From Spring 1998 Issue

Spring is the time of year that most of us put the guns away until our thoughts turn to hunting once again next fall. Unfortunately many hunters neglect to perform the basic maintenance procedures that our firearms require! This is when all sorts of nasty things can happen and, you usually don't find out about them until you suffer a malfunction in the field. Following are a few pointers to prevent problems and keep your gun in top shape. 

Clean your gun thoroughly. This includes the barrel(s) and action. Barrels need special attention because powder residues are extremely corrosive and will lead to pitting the I.D. of the barrel. You should also use an over sized bore brush to remove the build up that accumulates from plastic wads. While plastic wads represent a major advance in shot shell components, there is a residue that builds up in the bore of the barrel. 

Similarly, actions need attention too. As lubricants break down they create deposits that can affect how well an action functions. If you are experiencing sticking or other problems cycling shells through you gun, lubricant breakdown could be the culprit.
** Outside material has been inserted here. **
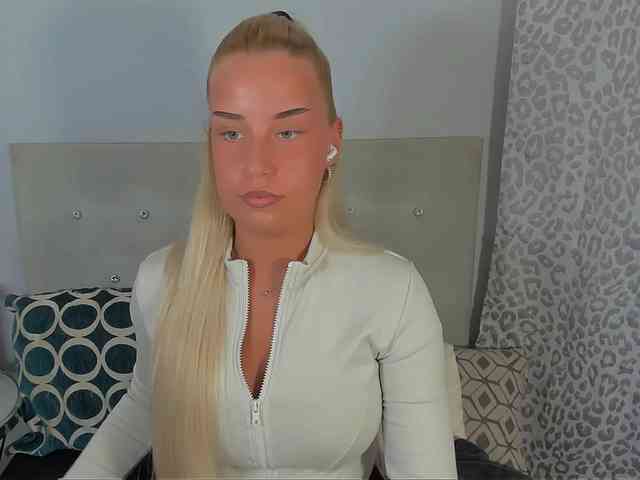 KristyAngel webcam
Also there are problems that are directly 
related to too much lubricant. All petroleum-based lubricants will attract and hold particulate matter. It may be metal shavings generated by cycling your firearm or simply unburned powder. Either way, the works can get gummed up and cause problems. 

A complete disassembly and cleaning by a qualified individual or gunsmith is the best way to avoid these problems. Another method is to use one of the many action cleaner and bore cleaner products available with some of your own elbow grease. Either way, you need to address these issues before the guns are stored for the off season. 
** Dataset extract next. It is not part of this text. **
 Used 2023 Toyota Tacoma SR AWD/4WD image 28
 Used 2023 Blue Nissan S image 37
The exterior of the gun will need some attention as well. Rust is one of the prime enemies of firearms. It doesn't take very long to develop either. Rust deposits, depending on where you live and the ambient environmental conditions you store your guns under, can form literally over night in some cases. A light coating of oil will avoid these problems for most of you. I prefer a product put out by Birchwood-Casey that's called Gun Sheath. It is specially designed for this task but, any good gun oil will do the trick. WD-40 is not an oil and don't use it. While it is fine for driving moisture from your gun, it is largely a mineral spirit based product and mineral spirits is a solvent, not a lubricant! Great stuff for sticky hinges but, not for guns. 

I hope these little tips are timely and useful for you hunters and shooters. Your guns will treat you well for a lifetime if you follow them.